Philippe Croizon, nageur amputé des quatre membres, n'a "ressenti aucun danger" lors de sa traversée, qu'il a accomplie le 18 septembre.

"Le jour où je suis parti, il y avait 12 nageurs. J'imagine que 12 bateaux avec des nageurs qui nagent à des vitesses différentes, ça doit foutre un bordel pas possible", reconnaît-il toutefois.

Pour les "pilotes" des bateaux qui escortent les nageurs pendant leur traversée, "c'est un business énorme", estime ce nageur de 42 ans, qui pour réaliser son exploit a dû trouver au dernier moment un bateau, car celui qu'il avait réservé depuis deux ans lui a finalement laissé un créneau peu favorable. Il a finalement payé deux fois 3.000 euros.

"Bien sûr qu'ils en profitent", estime Philippe Croizon. "Il y a des gens qui viennent du monde entier, c'est l'épreuve emblématique de la natation longue distance dans le monde".

"Il ne s'agit pas d'une activité très lucrative", estime au contraire Mike Oram. "Je peux faire autant d'argent avec mon bateau sans faire de traversées de la Manche à la nage", explique M. Oram, qui dirige par ailleurs une école de navigation.

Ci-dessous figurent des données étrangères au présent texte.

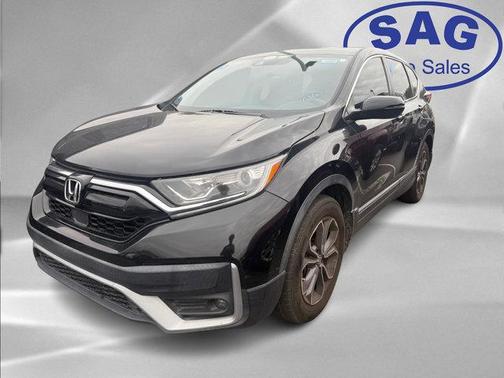 2020 Honda CR-V 2WD EX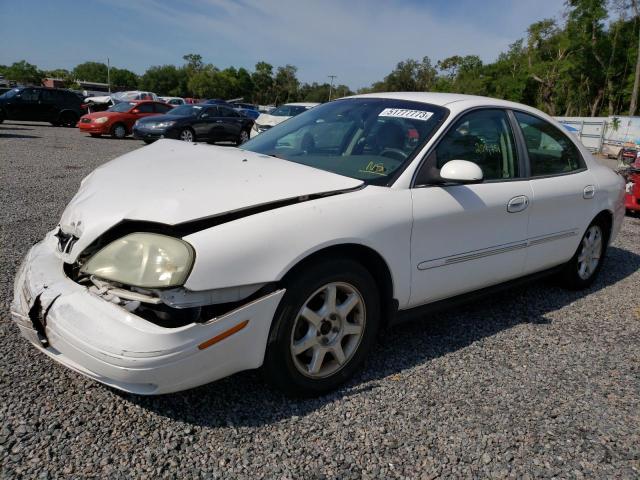 2002 Mercury Sable GS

Jacques Tusset, représentant en France de l'association, plaide pour un retour à un nombre "raisonnable" de traversées, une centaine par an.

Selon lui, auparavant, les postulants "étaient vraiment des marathoniens, maintenant, tout le monde veut traverser".

Ces quatre dernières années, la federation a dû refuser 30 à 40 nageurs par an.

Selon Jacques Tusset, "si vous vous inscrivez maintenant, c'est pour 2014".